Traduction : São Paulo ne se fatigue pas des bars, des concepts, des soirées. Et tant que la demande reste aussi brûlante, il n’y a aucune raison que la ville lève le pied.
Et pour rentrer de ces rooftops avant l’aube, on s’imagine au volant d’une Porsche 911. Joinsteer transforme ce rêve urbain en réalité: sa Location avec option d'achat rend l’icône accessible, sans casser le rythme — ni le budget.
Foire Aux Questions
Pourquoi São Paulo est-elle devenue une référence mondiale de la nightlife ?
Parce que la ville combine une culture de sortie très intense (7/7), une diversité musicale énorme, et une créativité immobilière : réutiliser des lieux atypiques (coffres-forts, sous-sols, galeries) pour créer des expériences uniques.
Quels quartiers viser pour sortir le soir à São Paulo ?
Le centre-ville (downtown) est le cœur du renouveau : bars cachés, listening bars, rooftops et lieux historiques reconvertis. C’est là que l’offre bouge le plus vite.
À quelle heure ferme la plupart des bars à São Paulo ?
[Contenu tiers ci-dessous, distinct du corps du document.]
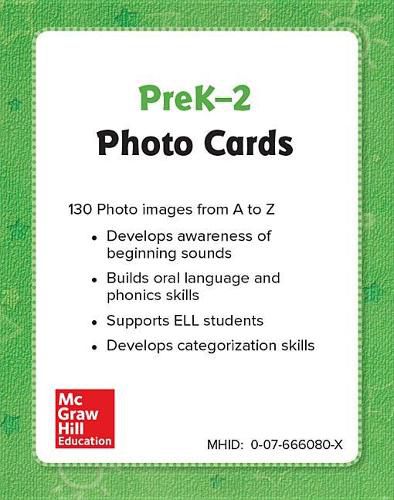 Cover image for World of Wonders Grade Pre-K Photo Cards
Beaucoup de bars ferment autour de 2h du matin, mais l’écosystème de fêtes, afters et événements permet souvent de prolonger jusqu’au petit matin.
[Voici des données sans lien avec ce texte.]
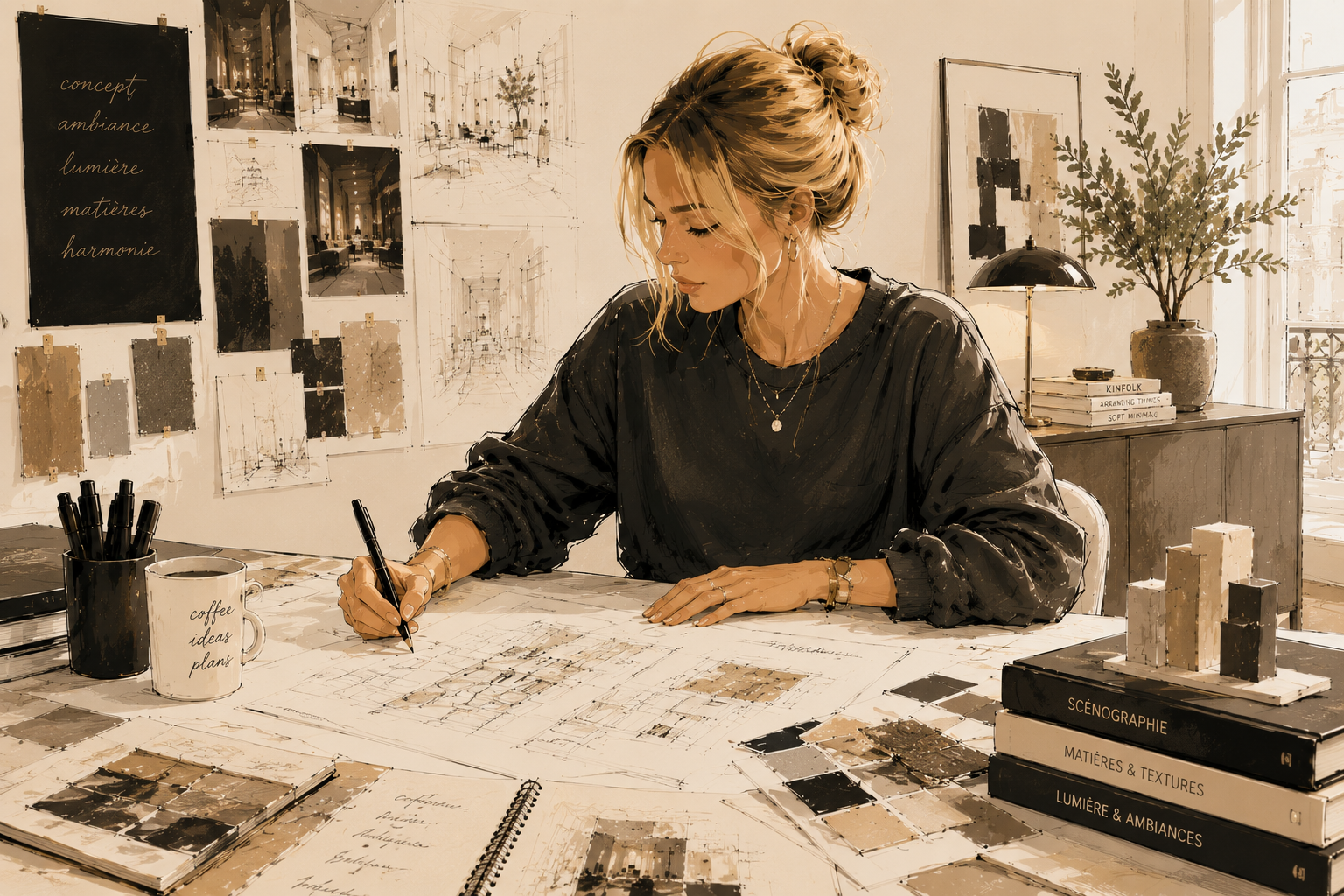 alternance scénographie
Quel budget prévoir pour boire et manger dans ces spots ?
Sur les adresses citées, on tourne fréquemment autour de 40 reais (≈ 6,14 €) le cocktail et 70 reais (≈ 10,75 €) pour un plat/repas simple. Dans des lieux plus premium, les cocktails peuvent monter à 65 reais (≈ 9,98 €).
La revitalisation du centre-ville va-t-elle rendre la fête plus chère ?
Probablement. Les loyers remontent avec les rénovations et l’arrivée de nouveaux résidents. Mais l’offre se renouvelle tellement vite (petits lieux, concepts mobiles, takeovers) que la scène garde une agilité qui limite l’uniformisation.